- Exercise
Transcribe the entries below without changing a word, and omit every picture.

━━ Information given ━━

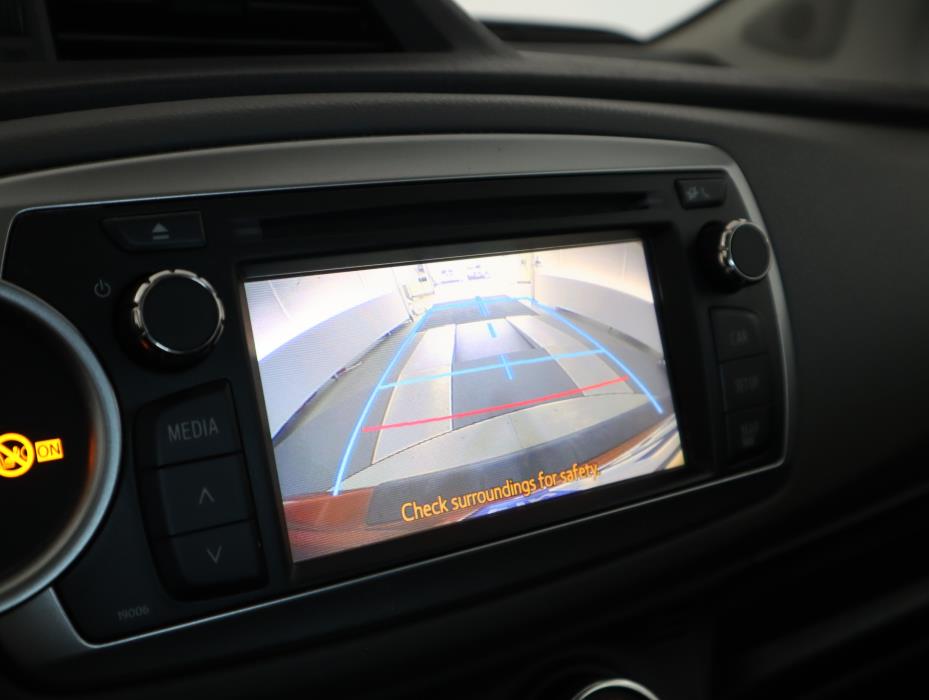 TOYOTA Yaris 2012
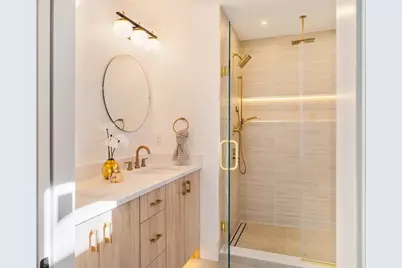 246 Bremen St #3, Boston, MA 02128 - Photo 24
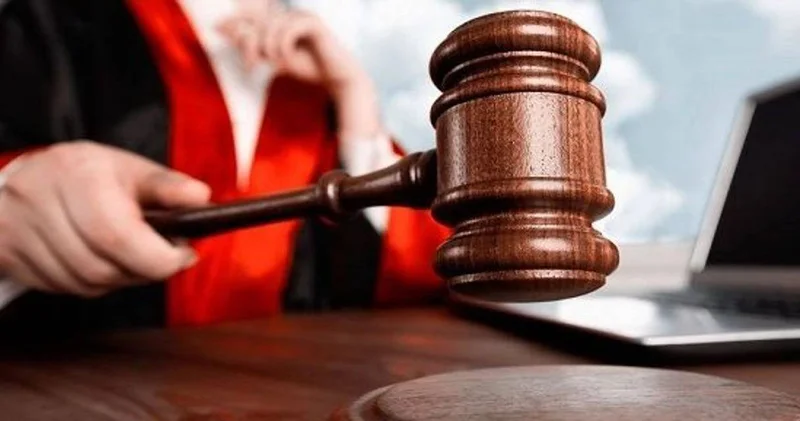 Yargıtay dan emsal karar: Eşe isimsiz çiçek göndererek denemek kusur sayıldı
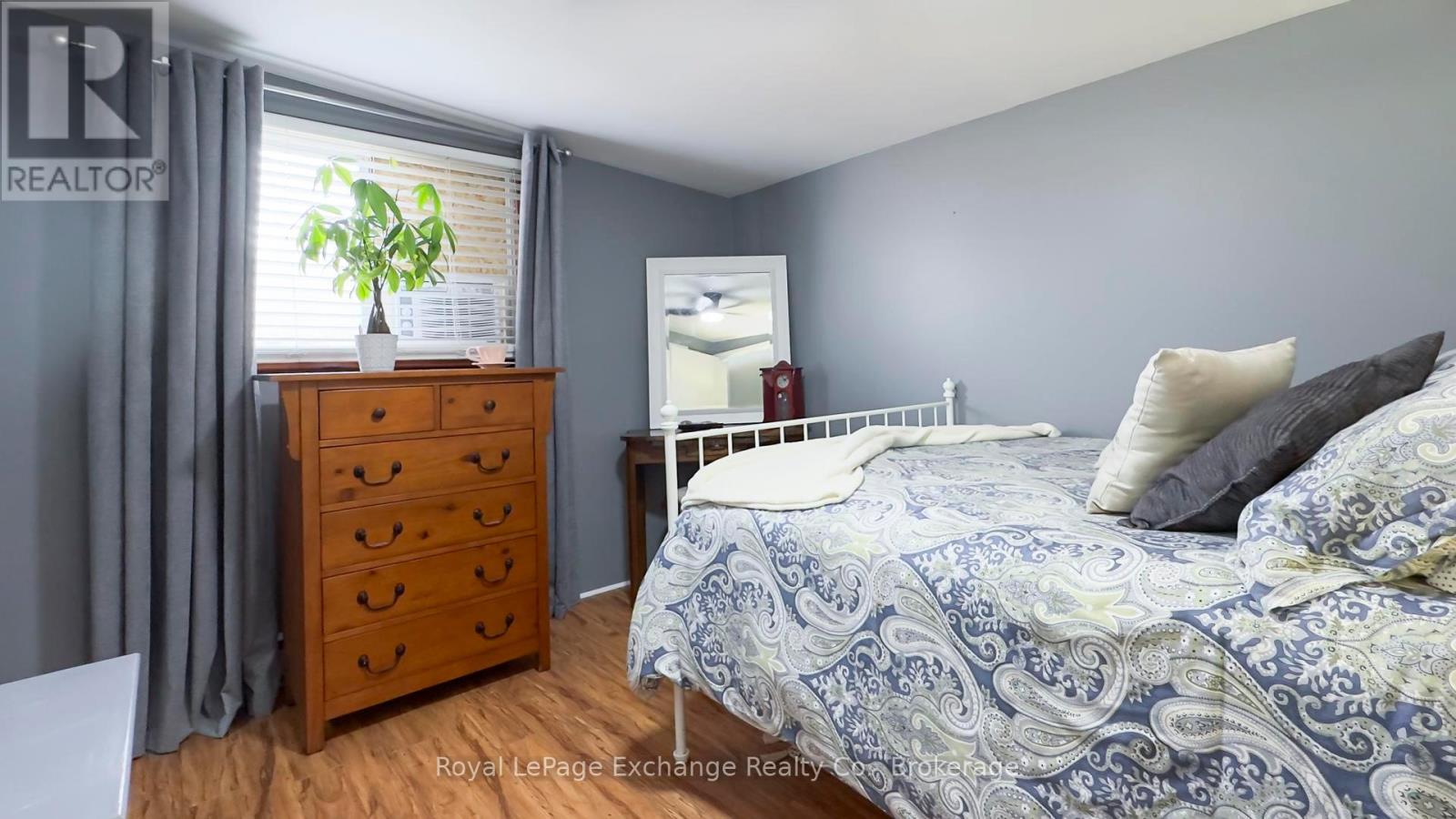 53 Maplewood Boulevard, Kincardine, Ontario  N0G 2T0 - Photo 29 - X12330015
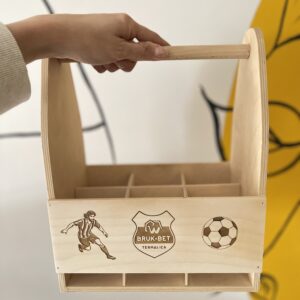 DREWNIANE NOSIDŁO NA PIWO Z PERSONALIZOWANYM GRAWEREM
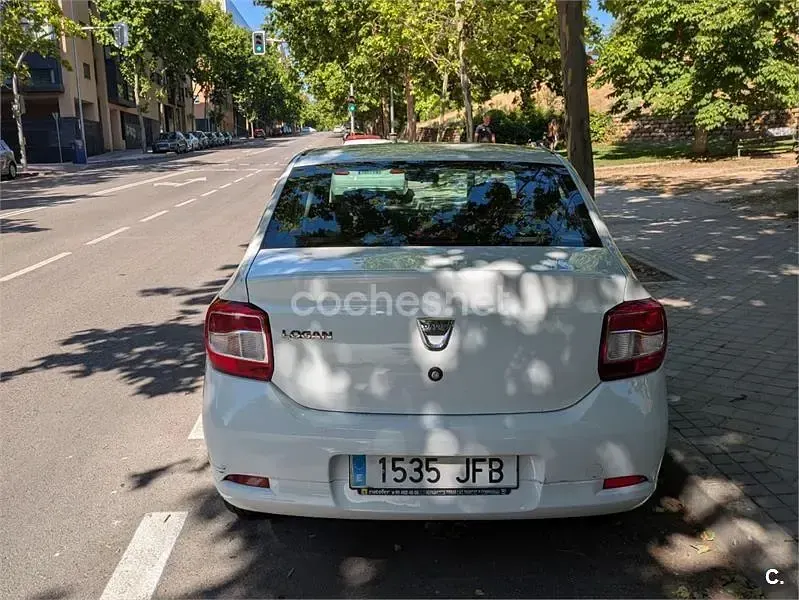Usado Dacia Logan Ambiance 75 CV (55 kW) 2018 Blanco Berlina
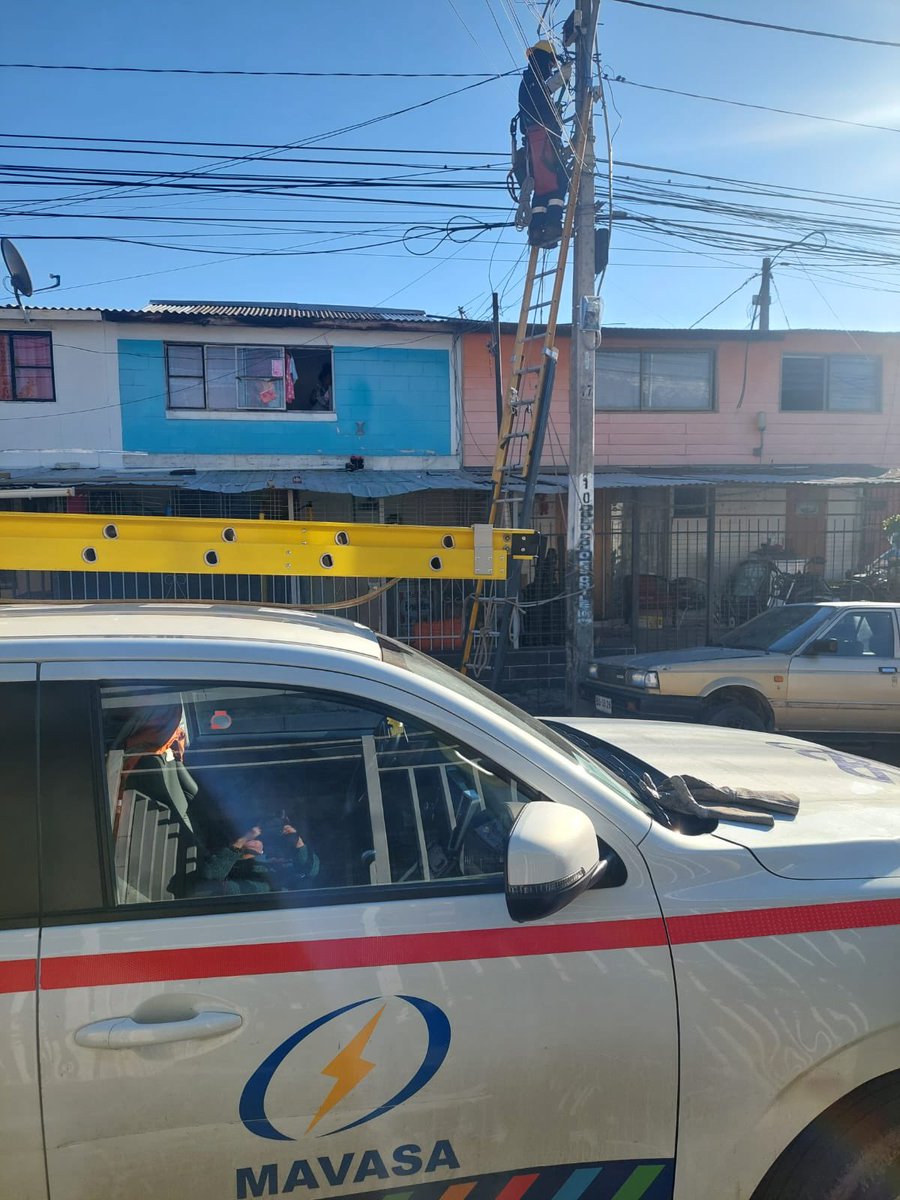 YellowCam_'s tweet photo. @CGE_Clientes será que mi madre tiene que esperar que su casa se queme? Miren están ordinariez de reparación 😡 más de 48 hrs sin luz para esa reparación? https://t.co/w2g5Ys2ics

━━━

- Reply
 TOYOTA Yaris 2012
 246 Bremen St #3, Boston, MA 02128 - Photo 24
 Yargıtay dan emsal karar: Eşe isimsiz çiçek göndererek denemek kusur sayıldı
 53 Maplewood Boulevard, Kincardine, Ontario  N0G 2T0 - Photo 29 - X12330015
 DREWNIANE NOSIDŁO NA PIWO Z PERSONALIZOWANYM GRAWEREM
Usado Dacia Logan Ambiance 75 CV (55 kW) 2018 Blanco Berlina
 YellowCam_'s tweet photo. @CGE_Clientes será que mi madre tiene que esperar que su casa se queme? Miren están ordinariez de reparación 😡 más de 48 hrs sin luz para esa reparación? https://t.co/w2g5Ys2ics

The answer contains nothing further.